Automating the interlinkage between GBIF data and WoRMS taxonomy to enhance the data flow from GBIF to OBIS
Hanieh Saeedi, Senckenberg Research Institute and Natural History Museum, Germany
Anke Penzlin, Senckenberg Research Institute and Natural History Museum, Biodiversity Information, Frankfurt am Main, Germany
Leen Vandepitte, World Register of Marine Species (WoRMS) & the European node of OBIS
BiCIKL Contact persons
Christos Arvanitidis, LifeWatch
Joe Miller, GBIF
BiCIKL Research Infrastructures involved
GBIF, LifeWatch ERIC, ENA
Non-BiCIKL Research Infrastructures accessed
Ocean Biogeographic Information System (OBIS)
Senckenberg Research Institute and Natural History Museum, Biodiversity Information, Frankfurt am Main, Germany (SGN)
Biodiversity data classes and services included
Species names; WoRMS, LifeWatch vLab taxonmatch, GBIF backbone
Sequences; European Nucleotide Archive (ENA)
Data in the Ocean Biodiversity Information System (OBIS) are associated with the World Register of Marine Species (WoRMS) as the taxonomic backbone, the most reliable source for marine species taxonomy. That is why AphiaID (preferably as an LSID; a unique identifier for each taxon in WoRMS) is a mandatory field in data contribution to OBIS.
In GBIF, occurrence data are matched to the GBIF backbone by a scientific name string. Thus, many musea worldwide share their data with GBIF using different platforms (e.g. IPT and BioCASe installation) without any taxon ID. When those musea try to flow their data from GBIF to OBIS, they face the problem of missing identifiers and having to match all available scientific names to WoRMS, either through the available WoRMS services or the LifeWatch Species Information Backbone, including WoRMS, to comply with the OBIS data quality requirements. The process of taxon matching for huge collection materials for medium-big size musea can be complicated and time-consuming.
While the WoRMS catalogue is a checklist in GBIF and almost 95% mapped to GBIF backbone, we did not find a possibility to use this connection between the two checklists. For occurrences already mapped to a taxon in the GBIF backbone, it should be possible to extract the AphiaID of the corresponding taxon from the WoRMS taxonomy.
Our idea is to interlink the data contributed to GBIF with WoRMS taxonomy automatically or via LifeWatch vLab, based on taxon matches in GBIF. In this case, the AphiaID could simply be extracted for those entries in GBIF. This would result in a much more straightforward and (taxonomically) quality controlled data flow from natural history collections to OBIS. In addition, it would also provide major quality benefits to GBIF for available (marine) scientific names and a closer collaboration between the OBIS and GBIF communities.

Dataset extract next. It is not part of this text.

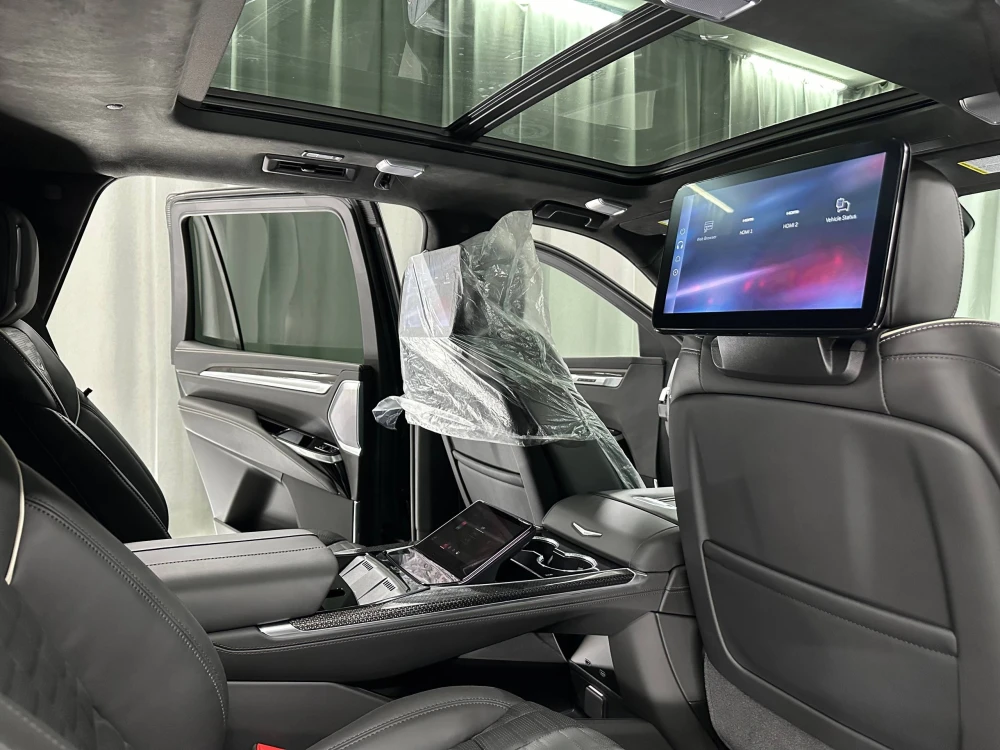 გაყიდვა Cadillac Escalade 2026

Implementing an interlink between GBIF data records and the WoRMS taxonomy via the LifeWatch connection, and extracting the AphiaID directly from GBIF might open up the same possibility and pathway for taxon checklists existing in other resources with a high overlap to GBIF taxonomy. One of these resources is the European Nucleotide Archive (ENA) which archives comprehensive information on the world’s nucleotide sequencing. This possibility thus facilitates the data flow between GBIF, ENA, and OBIS using WoRMS and LifeWatch vLab taxon match services to link diverse data types together in new ways. This effort will greatly enhance marine data sharing and quality control worldwide.